* [YOUR TASK]: Word for word, copy the line containing "WhatsApp: su Android" and every line after it in the records below, leaving pictures out.
[Start of Attachment]
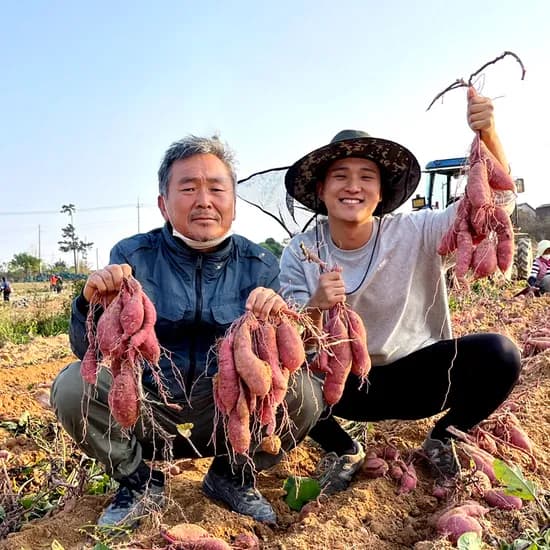 영암 꿀 고구마 대왕 3kg 베니하루카 황금호박고구마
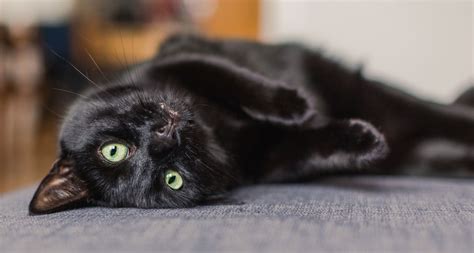 Top 10 Reasons To Love Black Cats Bechewy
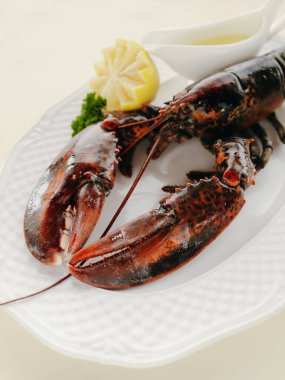 Akşam yemeği için taze ıstakoz. Otlu deniz ürünleri.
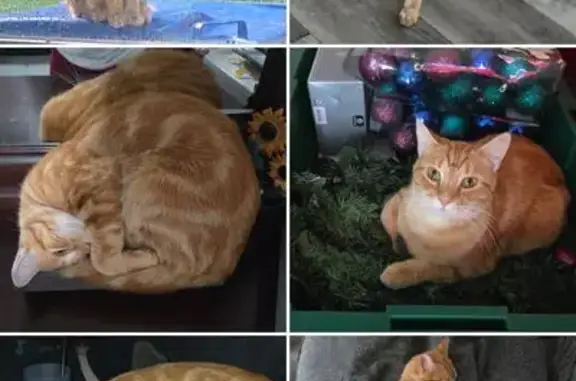 Lost Cat, Arborgate Circle, 117, Columbia - Female, Orange with distinctive markings - photo
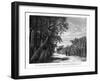 A Hedge of Arborescent Cactus, Mexico, 19th Century-Alexandre De Bar-Framed Giclee Print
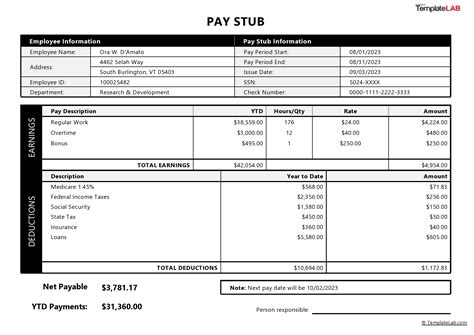 Pay Stub Template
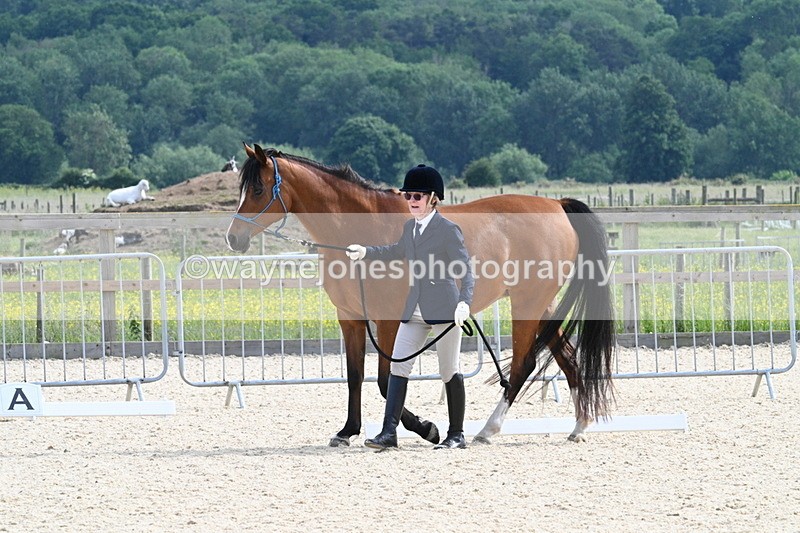 WJ7_8187 - Time 16:10 to 16:25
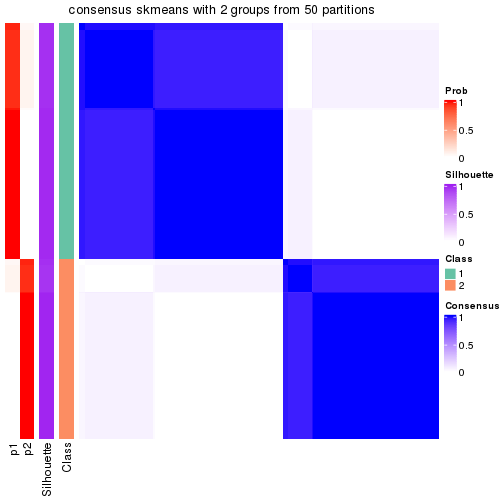 plot of chunk tab-node-01-consensus-heatmap-1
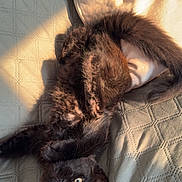 Archie a rejoint le concours — aidez-le/la à gagner de superbes lots ! kitten, black_cat, pet, bed, blanket, sunlight, indoor, animal, cute, fur, whiskers, playful, relaxed, feline, sleepy, cozy, paw, tail, texture, soft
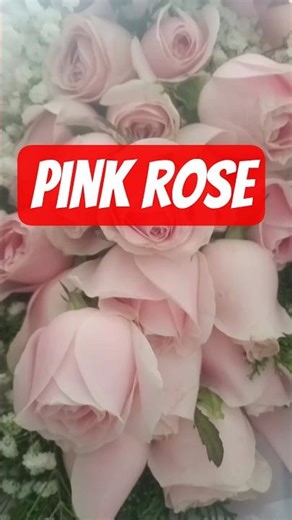 rose#flower#rose#fyp#nature#shorts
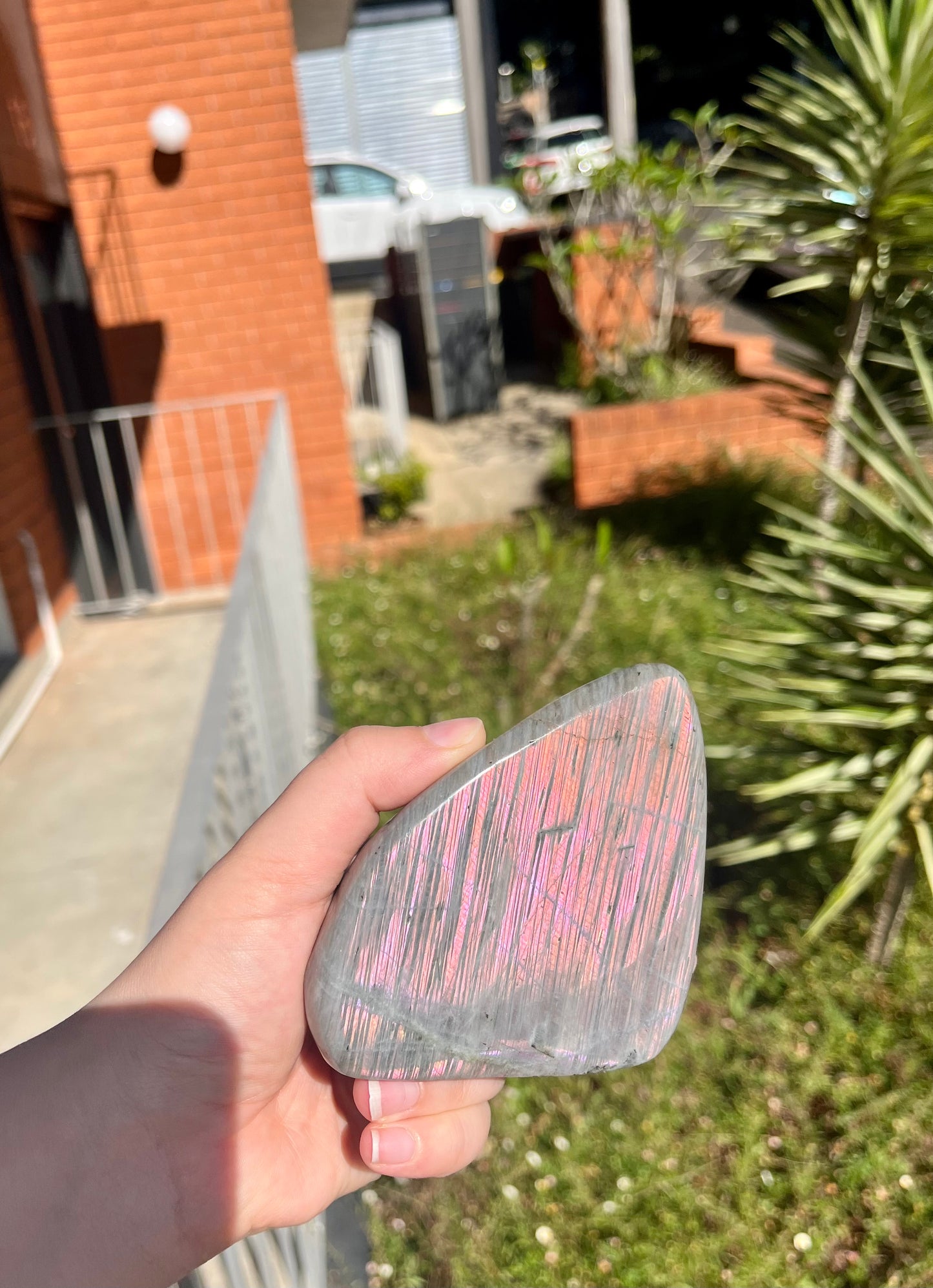 Rainbow Flash Labradorite Freeform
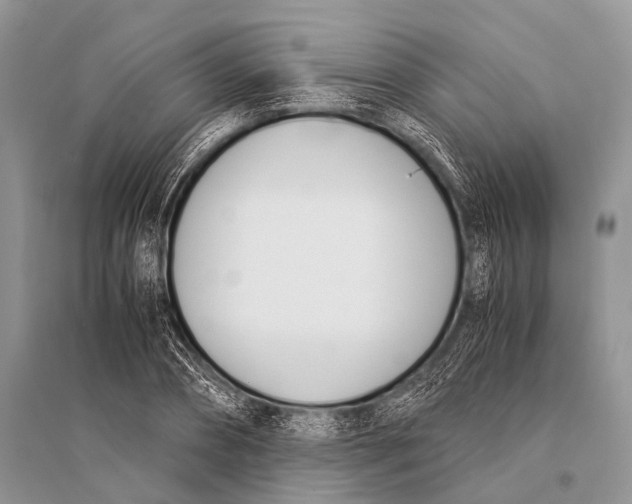 X0000094910882200712201155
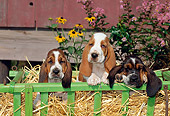 PUP 01 CE0012 01
Three Basset Hound Puppies Sitting On Hay In Cart By Barn And Flowers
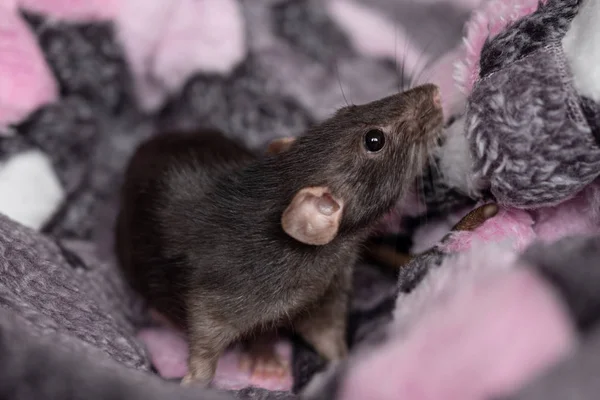 Um pequeno rato preto em um plai — Fotografia de Stock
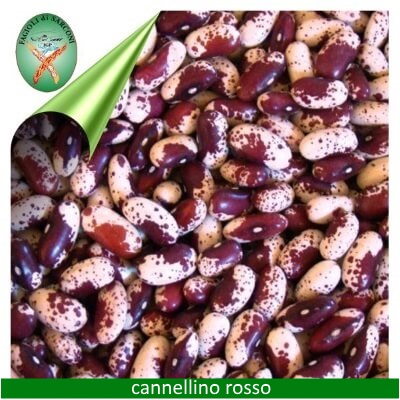 cannellino rosso cannellino rosso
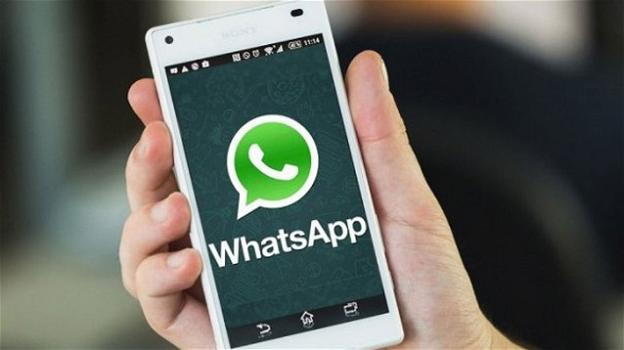 WhatsApp: su Android si rinnova la visualizzazione delle immagini nelle notifiche. Grane per i vecchi iPhone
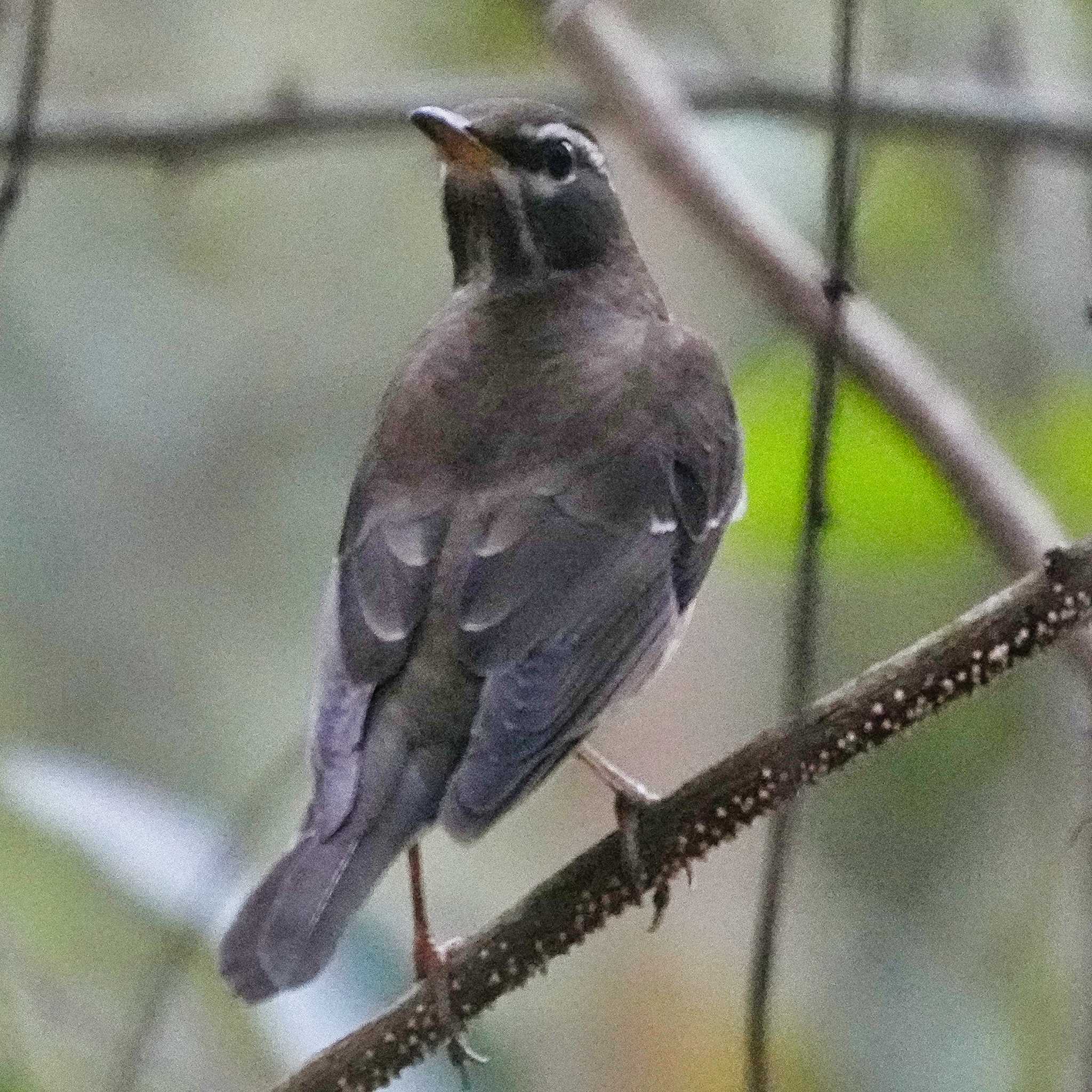 Photo of Eyebrowed Thrush at Khao Mai Keao Reservation Park by span265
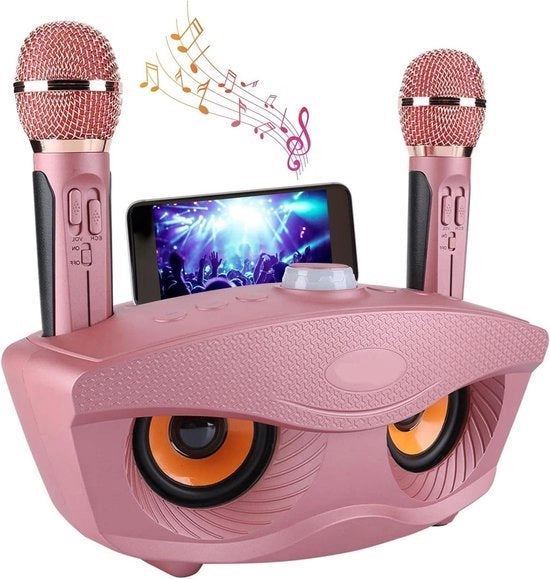 Impianto karaoke portatile vince con altoparlante Bluetooth wireless - 2 microfoni - Set di karaoke per casa per famiglia - Supporto AUX TF - carta U schijf radio FM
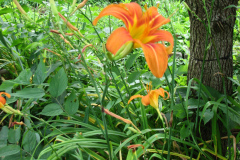 Day-Lilies-Muncie-125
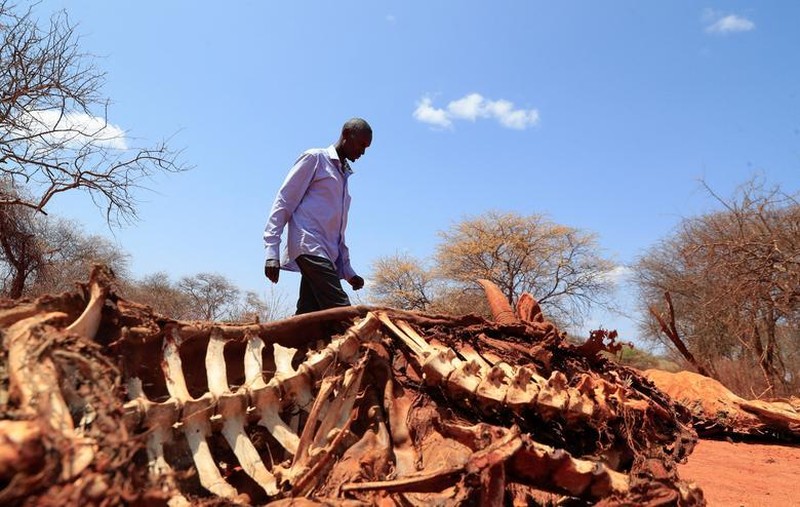 Hạn hán tại Kenya đẩy người dân vào nạn đói nghiêm trọng - Ảnh 12.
[End of Attachment]
* [YOUR SOLUTION]:
 WhatsApp: su Android si rinnova la visualizzazione delle immagini nelle notifiche. Grane per i vecchi iPhone
 Photo of Eyebrowed Thrush at Khao Mai Keao Reservation Park by span265
 Impianto karaoke portatile vince con altoparlante Bluetooth wireless - 2 microfoni - Set di karaoke per casa per famiglia - Supporto AUX TF - carta U schijf radio FM
 Day-Lilies-Muncie-125
 Hạn hán tại Kenya đẩy người dân vào nạn đói nghiêm trọng - Ảnh 12.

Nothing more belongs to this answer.